EXERCISE DETAILS: The required output is every entry, printed exactly as written.
★ ★ ★
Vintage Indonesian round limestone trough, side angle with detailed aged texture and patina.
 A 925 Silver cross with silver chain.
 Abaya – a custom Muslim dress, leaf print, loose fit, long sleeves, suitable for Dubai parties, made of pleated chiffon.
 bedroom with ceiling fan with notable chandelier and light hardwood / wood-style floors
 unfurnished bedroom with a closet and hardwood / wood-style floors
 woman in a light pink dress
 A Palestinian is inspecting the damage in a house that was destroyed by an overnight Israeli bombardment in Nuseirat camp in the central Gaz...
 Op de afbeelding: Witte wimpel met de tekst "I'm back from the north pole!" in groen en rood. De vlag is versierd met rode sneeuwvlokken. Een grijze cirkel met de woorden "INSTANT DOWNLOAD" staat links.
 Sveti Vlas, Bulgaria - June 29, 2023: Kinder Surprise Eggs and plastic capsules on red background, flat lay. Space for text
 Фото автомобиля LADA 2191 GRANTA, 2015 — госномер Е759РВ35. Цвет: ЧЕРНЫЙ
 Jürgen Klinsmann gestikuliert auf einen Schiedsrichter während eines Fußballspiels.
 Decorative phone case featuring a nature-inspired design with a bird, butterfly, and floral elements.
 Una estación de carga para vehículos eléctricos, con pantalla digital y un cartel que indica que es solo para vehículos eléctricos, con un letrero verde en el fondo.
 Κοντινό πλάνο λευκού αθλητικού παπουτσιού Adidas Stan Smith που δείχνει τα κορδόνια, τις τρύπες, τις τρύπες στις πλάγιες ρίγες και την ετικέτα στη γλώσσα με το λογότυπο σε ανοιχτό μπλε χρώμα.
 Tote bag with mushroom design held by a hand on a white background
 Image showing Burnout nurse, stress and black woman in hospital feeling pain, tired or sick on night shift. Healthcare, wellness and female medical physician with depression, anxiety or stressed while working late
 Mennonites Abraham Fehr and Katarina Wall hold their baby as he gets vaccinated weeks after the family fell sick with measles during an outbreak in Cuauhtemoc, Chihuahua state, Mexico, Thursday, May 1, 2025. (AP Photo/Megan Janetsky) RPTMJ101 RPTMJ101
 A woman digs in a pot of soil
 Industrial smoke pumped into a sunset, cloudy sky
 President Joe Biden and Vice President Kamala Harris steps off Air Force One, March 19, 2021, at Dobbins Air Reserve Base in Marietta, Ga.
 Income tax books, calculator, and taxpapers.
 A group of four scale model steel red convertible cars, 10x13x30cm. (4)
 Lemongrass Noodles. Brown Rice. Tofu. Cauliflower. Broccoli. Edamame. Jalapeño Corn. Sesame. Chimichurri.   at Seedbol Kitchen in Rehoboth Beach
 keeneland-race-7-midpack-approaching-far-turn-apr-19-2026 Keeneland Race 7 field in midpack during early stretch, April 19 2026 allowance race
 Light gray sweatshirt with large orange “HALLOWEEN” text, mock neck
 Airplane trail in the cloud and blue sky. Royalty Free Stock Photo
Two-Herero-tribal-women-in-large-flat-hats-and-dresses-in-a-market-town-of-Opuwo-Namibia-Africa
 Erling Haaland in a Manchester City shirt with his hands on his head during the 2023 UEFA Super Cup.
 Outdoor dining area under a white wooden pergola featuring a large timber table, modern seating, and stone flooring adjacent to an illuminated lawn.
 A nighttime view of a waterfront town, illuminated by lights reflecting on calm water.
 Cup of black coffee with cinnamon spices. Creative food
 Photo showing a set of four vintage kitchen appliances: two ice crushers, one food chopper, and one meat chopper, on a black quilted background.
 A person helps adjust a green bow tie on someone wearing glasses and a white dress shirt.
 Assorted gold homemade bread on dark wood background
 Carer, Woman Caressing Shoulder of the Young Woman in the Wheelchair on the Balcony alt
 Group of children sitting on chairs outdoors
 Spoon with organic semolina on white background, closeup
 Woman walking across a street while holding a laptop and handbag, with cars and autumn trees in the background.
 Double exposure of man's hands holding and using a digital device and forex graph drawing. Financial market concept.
★ ★ ★
RESPONSE AREA:
Vintage Indonesian round limestone trough, side angle with detailed aged texture and patina.
 A 925 Silver cross with silver chain.
 Abaya – a custom Muslim dress, leaf print, loose fit, long sleeves, suitable for Dubai parties, made of pleated chiffon.
 bedroom with ceiling fan with notable chandelier and light hardwood / wood-style floors
 unfurnished bedroom with a closet and hardwood / wood-style floors
 woman in a light pink dress
 A Palestinian is inspecting the damage in a house that was destroyed by an overnight Israeli bombardment in Nuseirat camp in the central Gaz...
 Op de afbeelding: Witte wimpel met de tekst "I'm back from the north pole!" in groen en rood. De vlag is versierd met rode sneeuwvlokken. Een grijze cirkel met de woorden "INSTANT DOWNLOAD" staat links.
 Sveti Vlas, Bulgaria - June 29, 2023: Kinder Surprise Eggs and plastic capsules on red background, flat lay. Space for text
 Фото автомобиля LADA 2191 GRANTA, 2015 — госномер Е759РВ35. Цвет: ЧЕРНЫЙ
 Jürgen Klinsmann gestikuliert auf einen Schiedsrichter während eines Fußballspiels.
 Decorative phone case featuring a nature-inspired design with a bird, butterfly, and floral elements.
 Una estación de carga para vehículos eléctricos, con pantalla digital y un cartel que indica que es solo para vehículos eléctricos, con un letrero verde en el fondo.
 Κοντινό πλάνο λευκού αθλητικού παπουτσιού Adidas Stan Smith που δείχνει τα κορδόνια, τις τρύπες, τις τρύπες στις πλάγιες ρίγες και την ετικέτα στη γλώσσα με το λογότυπο σε ανοιχτό μπλε χρώμα.
 Tote bag with mushroom design held by a hand on a white background
 Image showing Burnout nurse, stress and black woman in hospital feeling pain, tired or sick on night shift. Healthcare, wellness and female medical physician with depression, anxiety or stressed while working late
 Mennonites Abraham Fehr and Katarina Wall hold their baby as he gets vaccinated weeks after the family fell sick with measles during an outbreak in Cuauhtemoc, Chihuahua state, Mexico, Thursday, May 1, 2025. (AP Photo/Megan Janetsky) RPTMJ101 RPTMJ101
 A woman digs in a pot of soil
 Industrial smoke pumped into a sunset, cloudy sky
 President Joe Biden and Vice President Kamala Harris steps off Air Force One, March 19, 2021, at Dobbins Air Reserve Base in Marietta, Ga.
 Income tax books, calculator, and taxpapers.
 A group of four scale model steel red convertible cars, 10x13x30cm. (4)
 Lemongrass Noodles. Brown Rice. Tofu. Cauliflower. Broccoli. Edamame. Jalapeño Corn. Sesame. Chimichurri.   at Seedbol Kitchen in Rehoboth Beach
 keeneland-race-7-midpack-approaching-far-turn-apr-19-2026 Keeneland Race 7 field in midpack during early stretch, April 19 2026 allowance race
 Light gray sweatshirt with large orange “HALLOWEEN” text, mock neck
 Airplane trail in the cloud and blue sky. Royalty Free Stock Photo
Two-Herero-tribal-women-in-large-flat-hats-and-dresses-in-a-market-town-of-Opuwo-Namibia-Africa
 Erling Haaland in a Manchester City shirt with his hands on his head during the 2023 UEFA Super Cup.
 Outdoor dining area under a white wooden pergola featuring a large timber table, modern seating, and stone flooring adjacent to an illuminated lawn.
 A nighttime view of a waterfront town, illuminated by lights reflecting on calm water.
 Cup of black coffee with cinnamon spices. Creative food
 Photo showing a set of four vintage kitchen appliances: two ice crushers, one food chopper, and one meat chopper, on a black quilted background.
 A person helps adjust a green bow tie on someone wearing glasses and a white dress shirt.
 Assorted gold homemade bread on dark wood background
 Carer, Woman Caressing Shoulder of the Young Woman in the Wheelchair on the Balcony alt
 Group of children sitting on chairs outdoors
 Spoon with organic semolina on white background, closeup
 Woman walking across a street while holding a laptop and handbag, with cars and autumn trees in the background.
 Double exposure of man's hands holding and using a digital device and forex graph drawing. Financial market concept.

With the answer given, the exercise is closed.